Rock armor (commonly known as riprap) has been used in hydraulic engineering to protect hydraulic structures such as bridge piers, grade-control structures, bridge abutments, culvert outlets, end sill of stilling basin, ski-jump bucket spillways, dam embankments, and channel beds, which are exposed to scour and erosion processes (e.g., Borah 1989; Froehlich 1995; Lauchlan & Melville 2001; Dey & Barbhuiya 2004; Eli & Gray 2008; Hiller *et al.* 2018). Stability of ripraps is a significant factor in their design. The unit discharge of the overtopping flow, the gradation and shape of riprap stones, and the bed and bank slope of waterways highly affect the stability of ripraps (e.g., Ullmann & Abt 2000; Thornton *et al.* 2008; Eli & Gray 2008). Underestimation of these effective variables may increase the possibility of scouring or liquidation of armored rock layer. In contrast, overestimation of these important elements increases the cost of the project (Thornton *et al.* 2014). For instance, the accurate estimation of the stone sizes enhances the stability of ripraps, especially when they are vulnerable to overtopping (Thornton *et al.* 2014). Hence, a large number of studies investigated the riprap stability on steep slopes for different hydraulic conditions, and gradation of riprap stones (Hartung & Scheuerlein 1970; Abt *et al.* 1987; Wittler & Abt 1997; Ullmann & Abt 2000; Gallegos 2001; Eli & Gray 2008; Hiller *et al.* 2018, 2019).

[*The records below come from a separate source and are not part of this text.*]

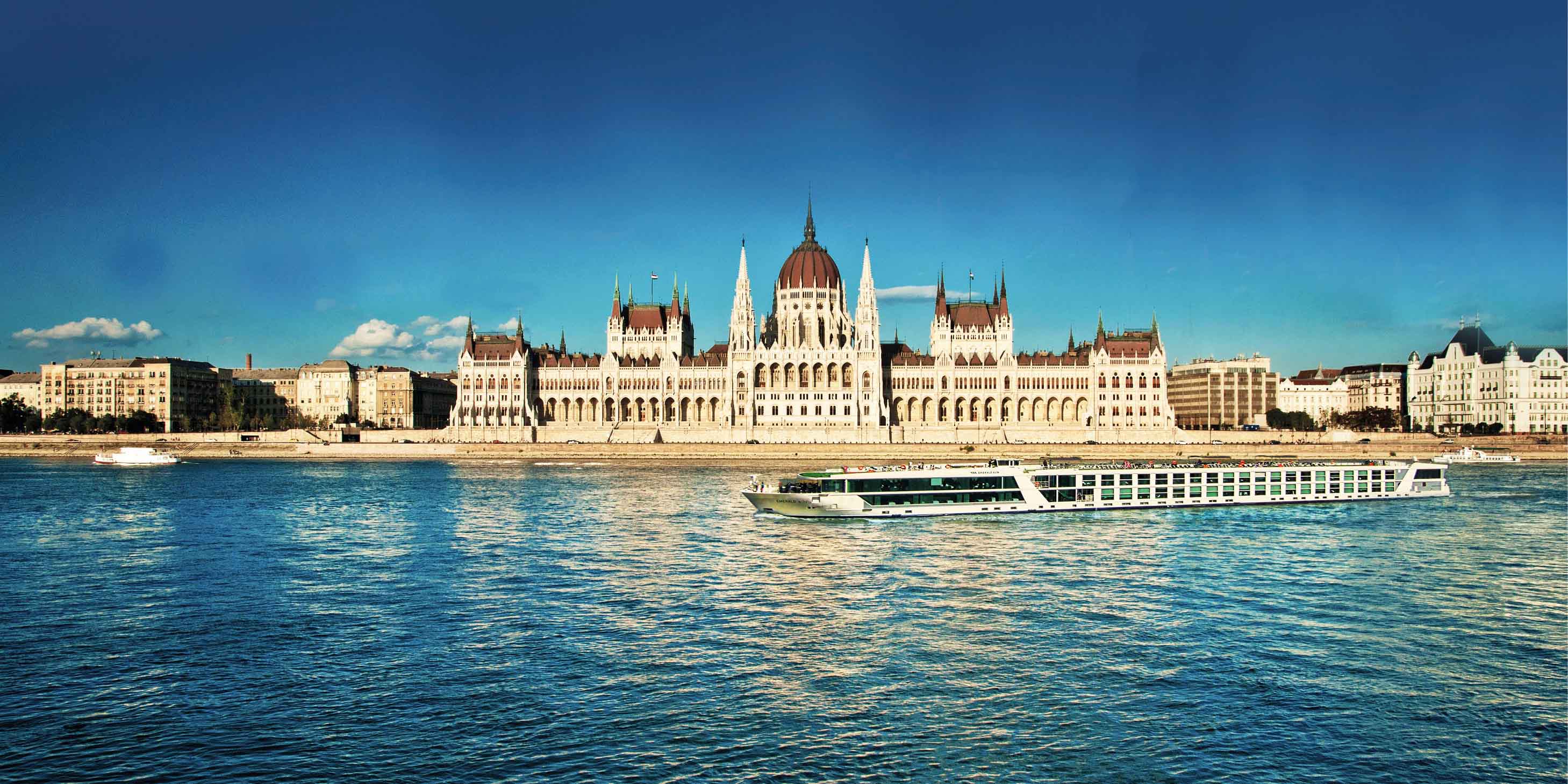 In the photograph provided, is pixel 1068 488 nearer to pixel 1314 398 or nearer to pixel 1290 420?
pixel 1290 420

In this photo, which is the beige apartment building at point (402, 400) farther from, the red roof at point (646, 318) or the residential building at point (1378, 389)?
the residential building at point (1378, 389)

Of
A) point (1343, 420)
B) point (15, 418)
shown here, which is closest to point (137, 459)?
point (15, 418)

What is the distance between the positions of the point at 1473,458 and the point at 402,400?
126 m

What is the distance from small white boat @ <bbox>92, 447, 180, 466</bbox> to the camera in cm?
10250

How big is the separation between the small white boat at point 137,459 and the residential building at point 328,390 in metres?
59.0

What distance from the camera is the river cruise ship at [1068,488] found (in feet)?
161

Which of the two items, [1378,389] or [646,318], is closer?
[646,318]

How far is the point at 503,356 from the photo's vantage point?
137m

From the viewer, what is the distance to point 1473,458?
102m

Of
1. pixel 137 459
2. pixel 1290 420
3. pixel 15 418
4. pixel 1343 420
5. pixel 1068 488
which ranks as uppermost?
pixel 15 418

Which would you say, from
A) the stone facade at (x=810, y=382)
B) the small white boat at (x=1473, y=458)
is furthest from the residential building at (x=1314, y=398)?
the small white boat at (x=1473, y=458)

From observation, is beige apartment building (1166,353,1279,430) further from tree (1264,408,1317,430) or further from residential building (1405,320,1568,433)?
residential building (1405,320,1568,433)

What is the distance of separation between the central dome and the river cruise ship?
78432 mm

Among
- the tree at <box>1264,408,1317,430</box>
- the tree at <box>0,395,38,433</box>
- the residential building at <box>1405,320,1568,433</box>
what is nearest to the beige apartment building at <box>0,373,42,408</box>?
the tree at <box>0,395,38,433</box> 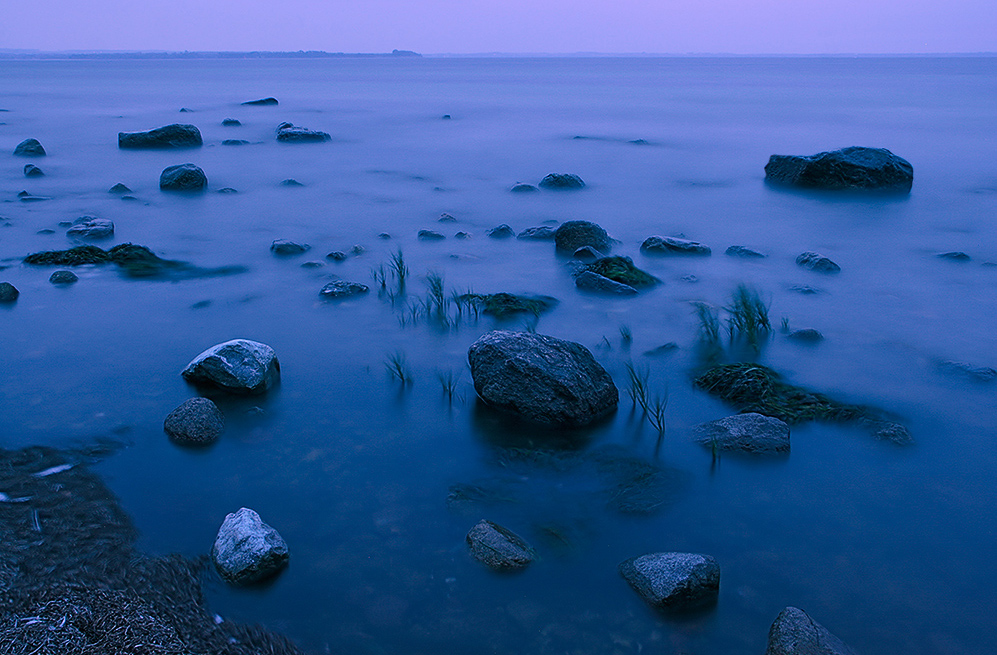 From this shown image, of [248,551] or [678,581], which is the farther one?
[248,551]

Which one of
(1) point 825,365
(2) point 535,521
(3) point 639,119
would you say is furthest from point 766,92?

In the effort to quantify the overtopping phenomenon, many empirical equations, extracted from experimental observations, have been proposed to estimate the unit discharge at the failure circumstance of riprap layer for various streambank slopes and properties of bed sediments (Thornton *et al.* 2014). However, these equations lack generalization due to the limited range of experimental variables and hence do not extend to a wide range of hydraulic conditions (Thornton *et al.* 2014; Najafzadeh *et al.* 2018). Moreover, these empirical relationships are developed on the traditional regression-based approaches that cannot robustly capture the non-linear relationship between the key variables at the incipient motion of riprap stones.

Due to the above-mentioned restrictions, artificial intelligence (AI) approaches have been recently employed to accurately estimate the riprap stone size. Najafzadeh *et al.* (2018) used evolutionary algorithm-based formulations to predict the size of riprap stones in overtopping flows. From their research, it was found that the utilized AI models could provide more accurate predictions.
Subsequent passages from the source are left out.